Lesley Stordahl and her husband, Mike Smith, even set up a projector and screen in their Carroll Gardens driveway so their kids would have a safe, socially distanced activity that’s “turned into quite the event,” she said.
Others have hosted more guerrilla-style affairs amid the coronavirus lockdown. During one recent DIY drive-in screening, party guests backed down a dead-end street and parked combat-style. The event’s host tied two shower curtains to a chain-link fence to fashion a makeshift screen and asked that everyone tune their radios to 88.1 FM. Then the 1979 film “The Warriors” illuminated the jury-rigged screen.
“I was glowing for days after — for a whole week I was on a high,” said Jasmina, who organized the socially distant Brooklyn drive-in for her 42nd birthday and asked to withhold her last name due to the stigma around public gatherings. “It was the first time I saw more than three people at the same time since the start of the pandemic.”
It took her three nights of scouting to find a block without streetlights so as to minimize ambient light for a clearer projection. A pal, meanwhile, lent her a radio transmitter, projector and generator — a small price to pay for having a COVID-safe good time.
Chris “See J” Jordan, a Brooklyn-based projection artist, recommends finding a white wall to project on or acquiring a large swath of perforated material. Specifically, he suggests getting a mesh screen made by New Jersey-based fabric manufacturer Dazian and acquiring poles to stand it up.

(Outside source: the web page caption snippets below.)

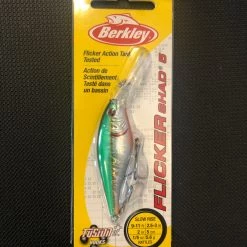 Gunarama Berkley Flicker Shad 5 Slick Green Alewife Berkley Flicker Shad’s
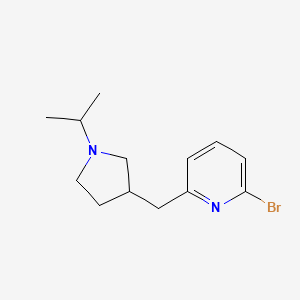 2-Bromo-6-((1-isopropylpyrrolidin-3-yl)methyl)pyridine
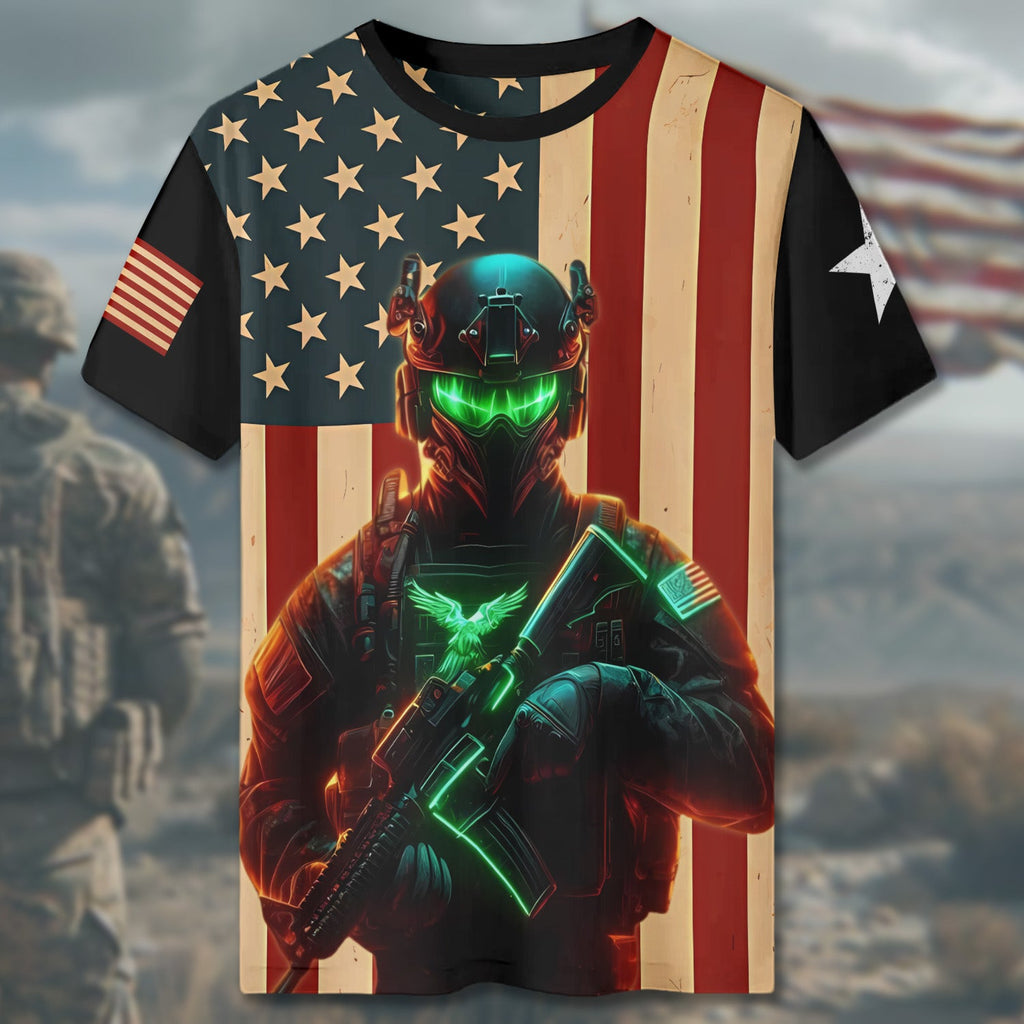 Why Did I Become a Veteran All-over Print T-Shirt product image 4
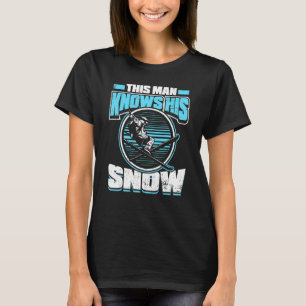 Camiseta Mens Este Homem Conhece As Montanhas De Esqui Da N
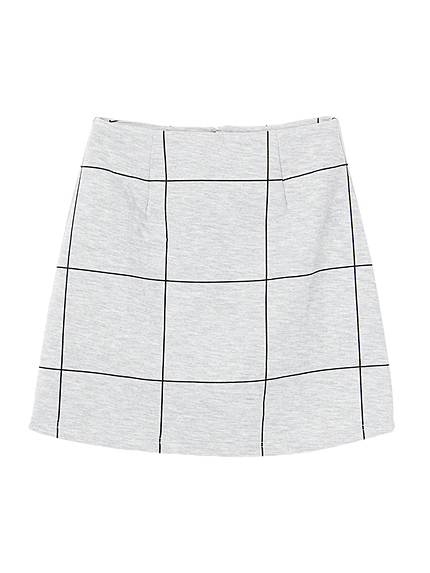 PIN GRAPH CHECK TRAPEZE スカート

While it’s possible to buy or rent a commercial-quality screen, he said, it’s a pricey endeavor that only marginally improves quality.
For those who go the wall route, “the flatter the surface the better,” Tim Chung, the owner of Bushwick bar and restaurant Syndicated, told The Post. His venue has been projecting films onto the wall of its building since August, and plans to continue hosting screenings through at least the end of November.
The larger the surface the better, although there is also an established formula to determine the ideal screen size for — and distance from — every projector.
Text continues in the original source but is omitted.